◆ About this exercise
Return the lines that run from the line containing "鲁能对天海比分预测,山东鲁能迎战天津天海,悬念一触即发,谁将笑傲绿茵场" through the end of the entries, both ends included. Leave out all pictures.

(Input data)

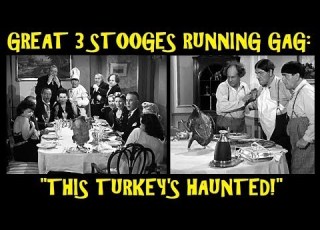  Great 3 Stooges Running Gag This Turkey S Haunted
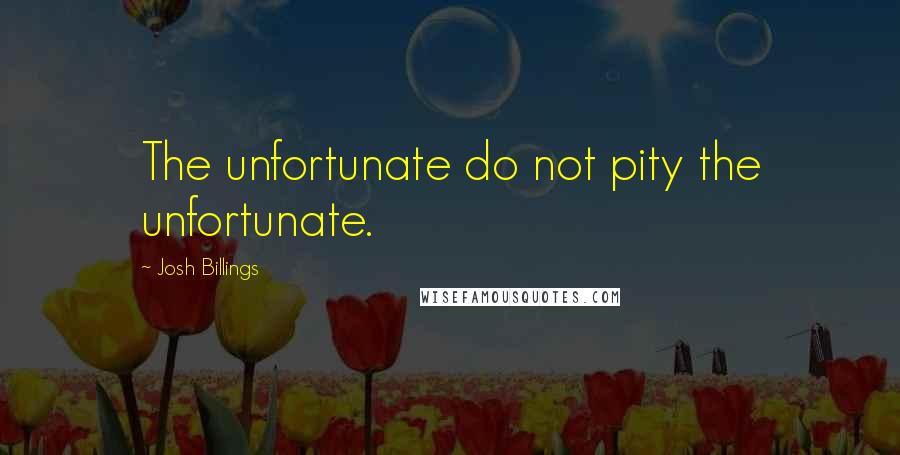 Josh Billings Quotes: The unfortunate do not pity the unfortunate.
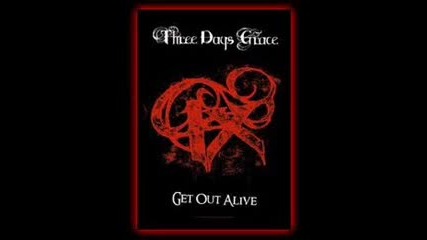 three days grace - get out alive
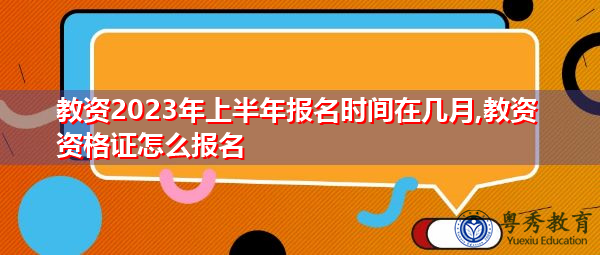 教资2023年上半年报名时间在几月,教资资格证怎么报名
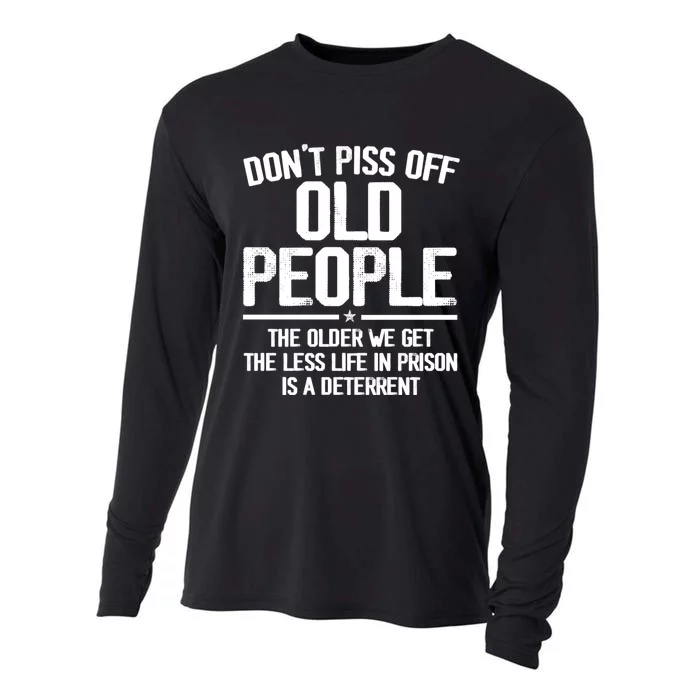 Don't Piss Off Old People The Older We Get The Less Life In Prison Is A Deterren Cooling Performance Long Sleeve Crew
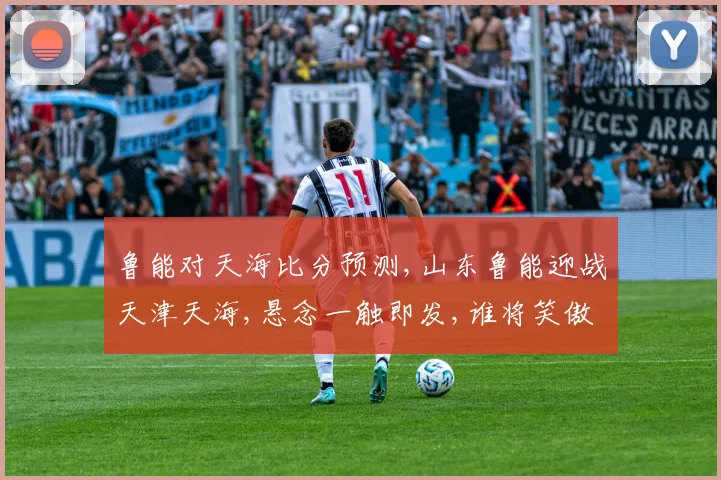 鲁能对天海比分预测,山东鲁能迎战天津天海,悬念一触即发,谁将笑傲绿茵场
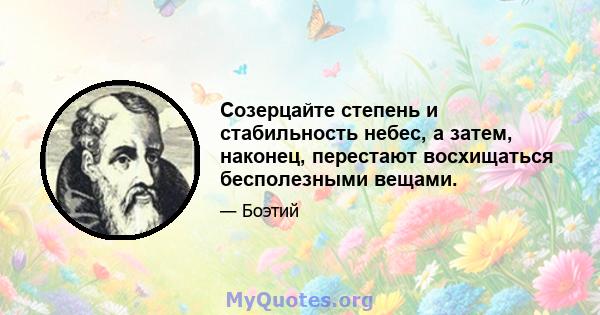 Созерцайте степень и стабильность небес, а затем, наконец, перестают восхищаться бесполезными вещами.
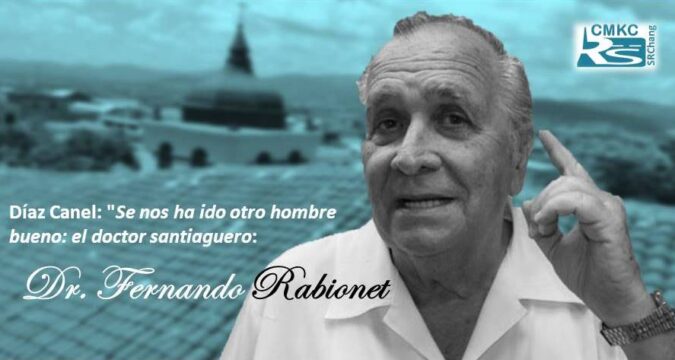 Pesar por el Doctor santiaguero Fernando Rabionet, Adiós a otro hombre bueno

(End Input data)

◆ Your response
 鲁能对天海比分预测,山东鲁能迎战天津天海,悬念一触即发,谁将笑傲绿茵场
 Созерцайте степень и стабильность небес, а затем, наконец, перестают восхищаться бесполезными вещами.
 Pesar por el Doctor santiaguero Fernando Rabionet, Adiós a otro hombre bueno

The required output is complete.